◆ GIVEN MATERIAL
----------
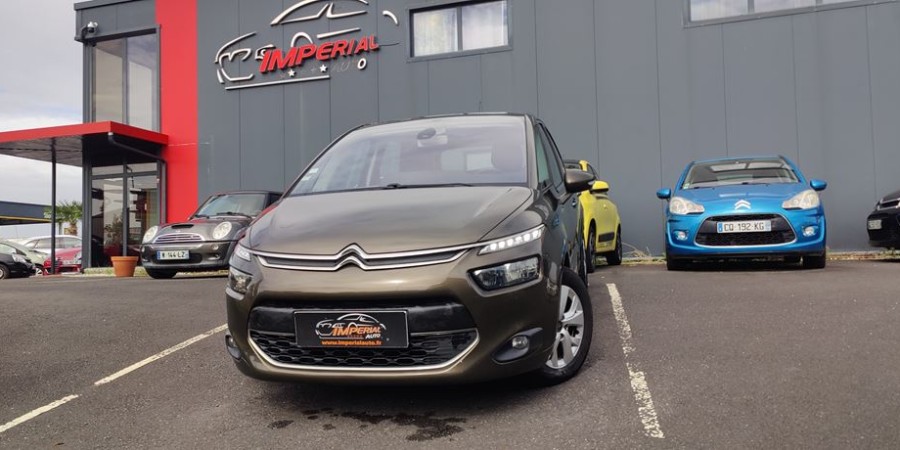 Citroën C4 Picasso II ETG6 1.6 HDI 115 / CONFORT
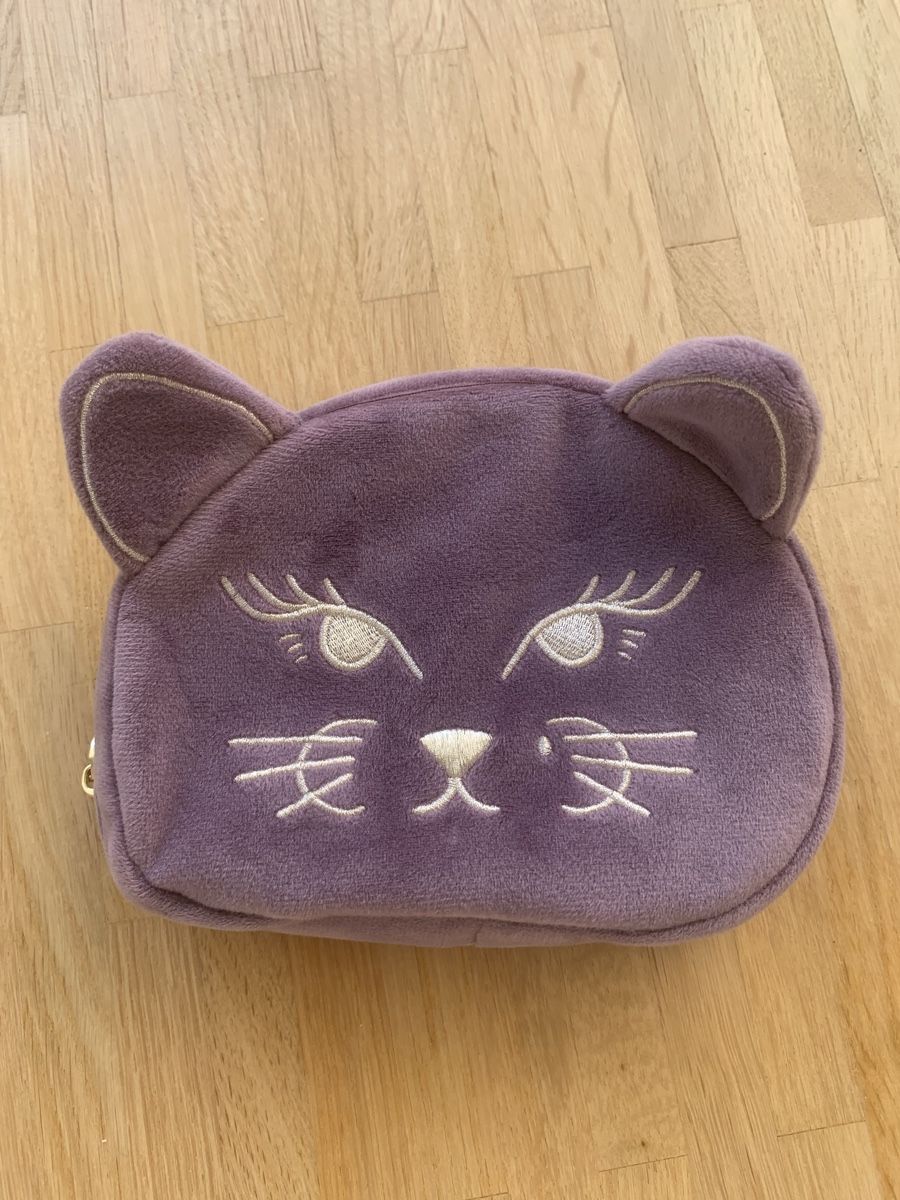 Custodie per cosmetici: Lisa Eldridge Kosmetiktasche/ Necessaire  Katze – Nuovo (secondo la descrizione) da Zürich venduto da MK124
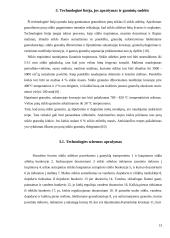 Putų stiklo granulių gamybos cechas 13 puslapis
----------
◆ TO DO
Copy exactly the lines from the line that holds "Custodie per cosmetici: Lisa" to the end of the listing, both included. Leave the pictures out.

◆ WRITTEN SOLUTION
 Custodie per cosmetici: Lisa Eldridge Kosmetiktasche/ Necessaire  Katze – Nuovo (secondo la descrizione) da Zürich venduto da MK124
 Putų stiklo granulių gamybos cechas 13 puslapis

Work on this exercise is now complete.